若い頃、英語を習得して海外で働く事が出来たら・・とずっと思っていました・・が、中年というより既に初老に近付いている今となってはもう実現不可能ですが。日本より経済水準の高い国に行って稼ぎたいというのは、殆どの人が一度は考えた事があるんじゃないかと思いますが、そこで大きな壁となるのが英語の習得です。日本語と英語は言語体系が全く異なり共通点が皆無ですから、それぞれの母語話者が互いの言語を習得する難易度は最も高いとされています。しかも英語は現時点で世界の共用言語として最も汎用度が高いので日本人にとってたとえ習得困難であっても海外で働く場合は学ばざるを得ない状況です。勿論、バイリンガル教育を受けていた人や元々言語能力の高い人なら英語習得はさほど困難な事ではないと思いますが、言語能力が平均かそれ以下で学校で一通りの文法と単語を受験用に暗記しただけの場合は発音や聞き取りのレベルが低く、かろうじて日常会話が出来るかどうか、あるいはそれすらも出来ないという場合が多いのではないかと思いますね。その状況は昭和も令和も似たようなものだろうと思います。一方で、英語は言語としてはあまりに日本語とかけ離れているので、両極端の性質の言語を操る事で脳がストレスを感じて思考カや集中力が低下するという研究結果等もあるようです。特に子供時代はモノリンガル(1言語のみ)で過ごした方が総合的な思考カ・認知力が高まるという見方もあるようです。
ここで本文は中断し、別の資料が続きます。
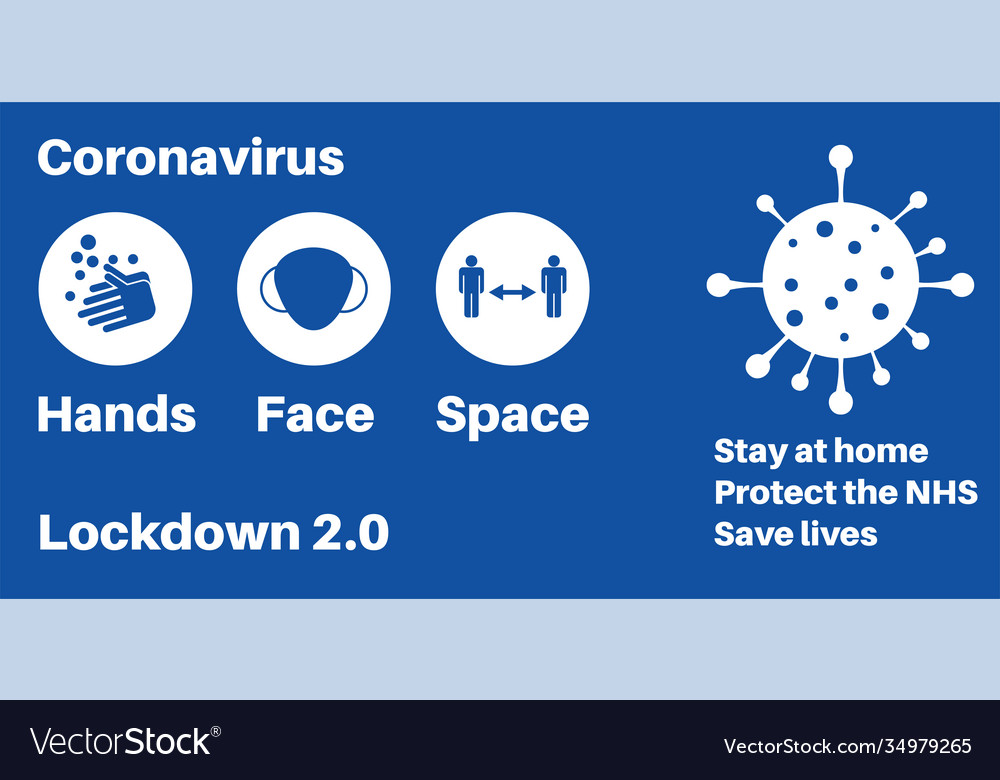 Lockdown 20 hands space face covid19 information Vector Image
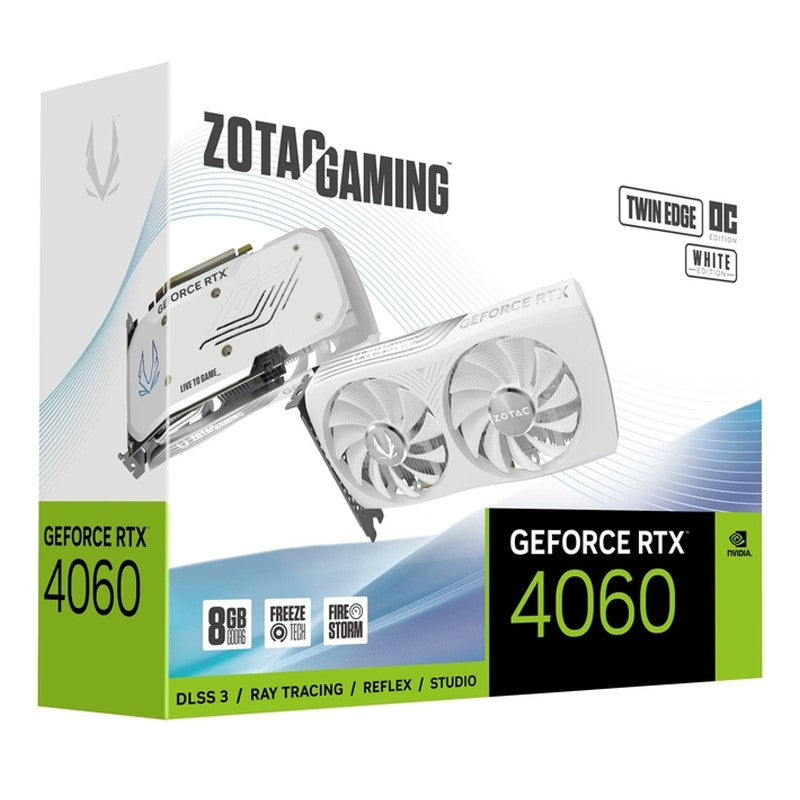 زوتاك بطاقة رسومات الألعاب جيمينج جي فورس RTX 4060 سعة 8 جيجابايت الحافة المزدوجة OC إصدار أبيض GDDR6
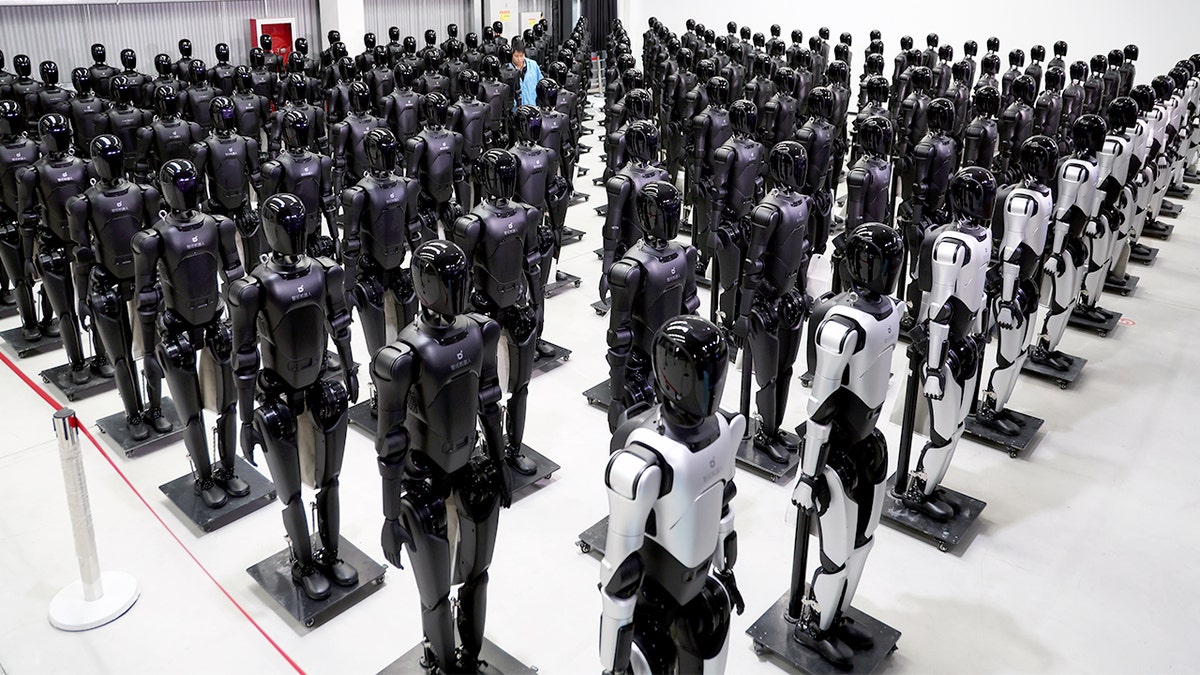 Rows of humanoid robots stand stationary in a room.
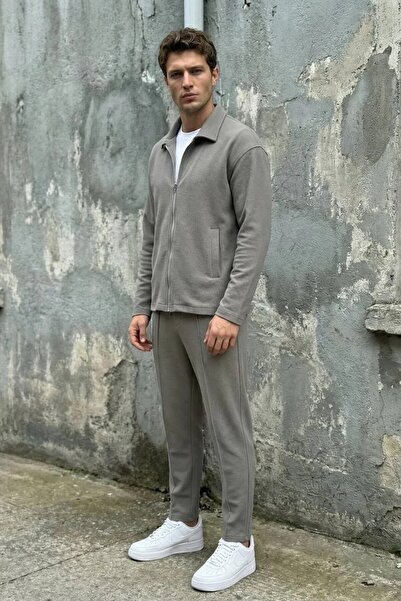 MADZEYMODA Men's Transitional Crepe Fabric Zippered Jacket & Green Trousers G...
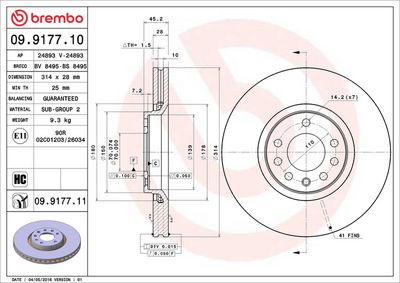 Тормозной диск BREMBO 09.9177.11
昔、観光旅行でアメリカに短期間滞在した時に、ある瞬間からニュース番組のアナウンサーが日本語を話すようになり、同時に、喋ろうとすると日本話の単語が直ぐに出て来ず代わりに英単語が出て来る様になりました。アメリカ人のアナウンサーが日本語を話しているように思えるくらいに英語が馴染んできた事に驚き、知らない間に自分の言語が切り替わろうとしていると実感しました。まぁ帰国したら直ぐに日本語オンリーに戻りましたが。英語は効率的でムダが無く、何というか日本語より数学的で話す者の知的レベルがハッキリと出る言語です。日本語が暗記した漢字の数や単語量を競い合う言語なら、英語は数式のレベルを競い合う言語という感じですね。理論的思考カの優劣を競う。だからアルファベット26文字だけでも問題ない。そしてそれ故に身分や経済力に関係なく会話する者同士を対等にしてしまう力を持っている。理論的思考を深めるのに適した英語、記憶力と共感力、哲学的な思考力を育む日本語という分析をする人が多いのも納得できる気がします。ただ、日本語で育った人間にとって英語はモノクロの世界です。2000種以上の漢字とひらがなカタカナを組み合わせて紡ぐ日本語は極彩色の世界であり、その華やかさに比べると26文字だけの英語の世界は視覚的には砂漠に等しい。この辺りの苦痛は漢字圏の国の人間なら特に強く感じるのではないかと思います。今でも英語は暇な時にちょっとずつ勉強していますが、まぁ退屈しのぎという感じですね。